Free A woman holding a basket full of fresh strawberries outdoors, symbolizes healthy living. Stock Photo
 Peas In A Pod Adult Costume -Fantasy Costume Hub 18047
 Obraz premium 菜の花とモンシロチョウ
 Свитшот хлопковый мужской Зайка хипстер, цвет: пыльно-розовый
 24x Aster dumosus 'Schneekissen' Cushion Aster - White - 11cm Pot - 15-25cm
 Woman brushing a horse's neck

=== Work request ===
Every entry must be set down exactly, with nothing left out.

=== Reply ===
Free A woman holding a basket full of fresh strawberries outdoors, symbolizes healthy living. Stock Photo
 Peas In A Pod Adult Costume -Fantasy Costume Hub 18047
 Obraz premium 菜の花とモンシロチョウ
 Свитшот хлопковый мужской Зайка хипстер, цвет: пыльно-розовый
 24x Aster dumosus 'Schneekissen' Cushion Aster - White - 11cm Pot - 15-25cm
 Woman brushing a horse's neck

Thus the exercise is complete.